_Directions for this task:_
Return the data below exactly, but only from the line containing "30 种语言即时开票、Uber 载你去投票" through the line containing "- main Alex", with both of those lines included.
BEGIN
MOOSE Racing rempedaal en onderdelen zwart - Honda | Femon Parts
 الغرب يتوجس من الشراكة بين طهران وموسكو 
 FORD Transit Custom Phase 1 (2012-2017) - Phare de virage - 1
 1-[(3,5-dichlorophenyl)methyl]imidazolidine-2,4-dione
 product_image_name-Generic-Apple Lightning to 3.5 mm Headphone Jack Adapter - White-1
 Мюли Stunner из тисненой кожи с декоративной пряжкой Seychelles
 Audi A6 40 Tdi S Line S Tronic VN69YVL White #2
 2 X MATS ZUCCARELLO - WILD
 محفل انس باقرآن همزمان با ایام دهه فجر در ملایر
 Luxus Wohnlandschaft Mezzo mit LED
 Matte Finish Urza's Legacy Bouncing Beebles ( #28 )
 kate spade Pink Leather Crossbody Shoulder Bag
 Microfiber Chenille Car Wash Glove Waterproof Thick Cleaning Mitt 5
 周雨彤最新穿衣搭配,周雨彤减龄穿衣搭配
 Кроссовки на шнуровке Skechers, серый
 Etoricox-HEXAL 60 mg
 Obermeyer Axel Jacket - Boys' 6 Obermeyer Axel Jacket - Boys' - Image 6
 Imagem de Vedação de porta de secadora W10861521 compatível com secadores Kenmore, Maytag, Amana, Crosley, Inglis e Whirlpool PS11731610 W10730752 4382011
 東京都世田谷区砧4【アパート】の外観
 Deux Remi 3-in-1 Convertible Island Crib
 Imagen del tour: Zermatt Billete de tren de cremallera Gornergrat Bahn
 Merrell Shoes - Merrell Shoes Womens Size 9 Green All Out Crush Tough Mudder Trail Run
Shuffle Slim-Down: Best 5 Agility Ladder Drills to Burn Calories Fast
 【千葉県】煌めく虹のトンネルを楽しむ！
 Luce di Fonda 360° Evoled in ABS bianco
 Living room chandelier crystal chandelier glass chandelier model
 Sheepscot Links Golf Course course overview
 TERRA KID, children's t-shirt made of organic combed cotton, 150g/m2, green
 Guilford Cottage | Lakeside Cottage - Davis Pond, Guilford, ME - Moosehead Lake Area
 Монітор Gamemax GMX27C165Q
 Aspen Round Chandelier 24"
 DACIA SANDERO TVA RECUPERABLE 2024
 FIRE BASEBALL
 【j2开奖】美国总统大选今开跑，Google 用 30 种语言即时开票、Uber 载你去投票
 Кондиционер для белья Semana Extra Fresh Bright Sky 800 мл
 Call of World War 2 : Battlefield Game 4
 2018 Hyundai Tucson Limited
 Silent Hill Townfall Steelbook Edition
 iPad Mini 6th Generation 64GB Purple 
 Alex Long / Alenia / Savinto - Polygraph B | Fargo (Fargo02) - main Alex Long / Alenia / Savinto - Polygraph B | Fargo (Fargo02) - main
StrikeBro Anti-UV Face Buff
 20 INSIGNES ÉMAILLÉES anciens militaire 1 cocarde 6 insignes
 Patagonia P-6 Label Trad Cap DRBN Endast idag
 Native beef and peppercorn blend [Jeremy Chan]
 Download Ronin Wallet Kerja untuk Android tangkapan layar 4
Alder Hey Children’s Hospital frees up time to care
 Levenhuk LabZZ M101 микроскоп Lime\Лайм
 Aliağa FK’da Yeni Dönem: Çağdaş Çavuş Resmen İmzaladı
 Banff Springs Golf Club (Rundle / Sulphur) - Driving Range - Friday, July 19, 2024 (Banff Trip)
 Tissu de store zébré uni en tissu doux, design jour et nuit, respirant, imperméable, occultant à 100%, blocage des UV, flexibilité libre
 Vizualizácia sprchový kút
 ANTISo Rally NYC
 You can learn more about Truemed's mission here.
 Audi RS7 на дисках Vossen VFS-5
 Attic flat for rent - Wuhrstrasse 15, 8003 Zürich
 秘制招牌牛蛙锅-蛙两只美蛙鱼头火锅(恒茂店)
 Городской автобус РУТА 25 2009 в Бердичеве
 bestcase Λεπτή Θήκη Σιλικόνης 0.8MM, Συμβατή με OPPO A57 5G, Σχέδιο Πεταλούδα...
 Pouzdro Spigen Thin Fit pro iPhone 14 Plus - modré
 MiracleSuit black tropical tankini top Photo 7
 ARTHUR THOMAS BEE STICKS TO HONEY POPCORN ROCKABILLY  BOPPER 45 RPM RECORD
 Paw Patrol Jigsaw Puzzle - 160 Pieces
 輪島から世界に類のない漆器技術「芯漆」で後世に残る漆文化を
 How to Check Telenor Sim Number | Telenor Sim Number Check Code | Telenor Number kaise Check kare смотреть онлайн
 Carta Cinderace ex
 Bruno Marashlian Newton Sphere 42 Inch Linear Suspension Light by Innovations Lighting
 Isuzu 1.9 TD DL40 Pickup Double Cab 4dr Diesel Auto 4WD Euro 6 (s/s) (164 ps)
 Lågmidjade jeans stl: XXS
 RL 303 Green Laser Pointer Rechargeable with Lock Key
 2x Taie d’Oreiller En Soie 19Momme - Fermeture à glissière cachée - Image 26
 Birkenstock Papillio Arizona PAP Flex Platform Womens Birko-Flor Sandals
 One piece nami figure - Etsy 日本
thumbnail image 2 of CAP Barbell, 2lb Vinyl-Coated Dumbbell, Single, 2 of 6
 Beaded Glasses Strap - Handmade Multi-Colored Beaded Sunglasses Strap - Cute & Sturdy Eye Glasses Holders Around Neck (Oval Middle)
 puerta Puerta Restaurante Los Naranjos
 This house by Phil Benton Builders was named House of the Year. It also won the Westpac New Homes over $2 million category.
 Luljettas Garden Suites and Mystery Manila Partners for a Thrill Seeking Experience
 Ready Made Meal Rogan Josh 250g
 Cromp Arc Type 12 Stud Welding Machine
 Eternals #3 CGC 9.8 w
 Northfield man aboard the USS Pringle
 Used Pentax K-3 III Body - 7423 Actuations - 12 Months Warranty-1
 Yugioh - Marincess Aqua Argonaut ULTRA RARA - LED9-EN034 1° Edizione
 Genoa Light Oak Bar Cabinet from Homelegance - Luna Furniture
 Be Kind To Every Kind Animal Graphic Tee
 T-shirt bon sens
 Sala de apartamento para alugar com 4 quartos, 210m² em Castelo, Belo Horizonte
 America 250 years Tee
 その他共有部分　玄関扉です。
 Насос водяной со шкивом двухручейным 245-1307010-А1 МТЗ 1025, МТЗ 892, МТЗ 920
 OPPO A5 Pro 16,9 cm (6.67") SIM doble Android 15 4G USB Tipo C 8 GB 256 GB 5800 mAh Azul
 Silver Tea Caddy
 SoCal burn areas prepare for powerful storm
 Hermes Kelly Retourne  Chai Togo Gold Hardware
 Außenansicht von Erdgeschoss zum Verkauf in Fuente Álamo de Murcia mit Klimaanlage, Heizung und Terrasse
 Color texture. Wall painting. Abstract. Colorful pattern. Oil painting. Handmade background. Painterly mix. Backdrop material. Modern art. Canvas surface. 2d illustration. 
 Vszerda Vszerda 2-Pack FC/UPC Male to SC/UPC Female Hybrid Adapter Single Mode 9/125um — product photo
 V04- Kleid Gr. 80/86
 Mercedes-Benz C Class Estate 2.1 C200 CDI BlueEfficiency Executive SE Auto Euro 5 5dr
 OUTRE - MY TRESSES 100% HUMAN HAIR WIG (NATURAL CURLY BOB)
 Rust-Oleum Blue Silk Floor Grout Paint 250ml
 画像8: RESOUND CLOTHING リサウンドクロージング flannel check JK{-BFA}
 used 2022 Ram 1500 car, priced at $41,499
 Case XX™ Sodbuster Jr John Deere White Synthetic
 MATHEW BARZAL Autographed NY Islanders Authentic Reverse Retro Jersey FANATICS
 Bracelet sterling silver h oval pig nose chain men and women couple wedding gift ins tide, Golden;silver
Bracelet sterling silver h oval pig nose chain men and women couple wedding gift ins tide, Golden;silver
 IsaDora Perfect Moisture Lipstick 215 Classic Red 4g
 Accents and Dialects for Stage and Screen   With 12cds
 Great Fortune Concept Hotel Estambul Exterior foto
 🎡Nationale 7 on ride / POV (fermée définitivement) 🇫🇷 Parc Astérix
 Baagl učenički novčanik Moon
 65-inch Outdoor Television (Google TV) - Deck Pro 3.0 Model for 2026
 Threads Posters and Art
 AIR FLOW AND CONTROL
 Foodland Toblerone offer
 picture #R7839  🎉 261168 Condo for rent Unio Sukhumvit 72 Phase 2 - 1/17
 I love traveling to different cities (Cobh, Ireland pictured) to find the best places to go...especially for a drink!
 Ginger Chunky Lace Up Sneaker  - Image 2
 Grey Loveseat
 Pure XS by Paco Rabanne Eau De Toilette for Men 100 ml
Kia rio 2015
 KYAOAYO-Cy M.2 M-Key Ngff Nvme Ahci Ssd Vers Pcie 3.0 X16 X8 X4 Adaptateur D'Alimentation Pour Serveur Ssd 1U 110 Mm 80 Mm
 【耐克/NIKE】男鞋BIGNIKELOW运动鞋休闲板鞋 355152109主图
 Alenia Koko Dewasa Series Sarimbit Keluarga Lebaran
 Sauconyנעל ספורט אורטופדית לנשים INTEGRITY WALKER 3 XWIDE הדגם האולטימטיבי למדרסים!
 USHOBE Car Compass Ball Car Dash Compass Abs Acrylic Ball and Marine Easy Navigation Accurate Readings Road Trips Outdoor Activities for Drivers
END
_Expected output:_
 【j2开奖】美国总统大选今开跑，Google 用 30 种语言即时开票、Uber 载你去投票
 Кондиционер для белья Semana Extra Fresh Bright Sky 800 мл
 Call of World War 2 : Battlefield Game 4
 2018 Hyundai Tucson Limited
 Silent Hill Townfall Steelbook Edition
 iPad Mini 6th Generation 64GB Purple 
 Alex Long / Alenia / Savinto - Polygraph B | Fargo (Fargo02) - main Alex Long / Alenia / Savinto - Polygraph B | Fargo (Fargo02) - main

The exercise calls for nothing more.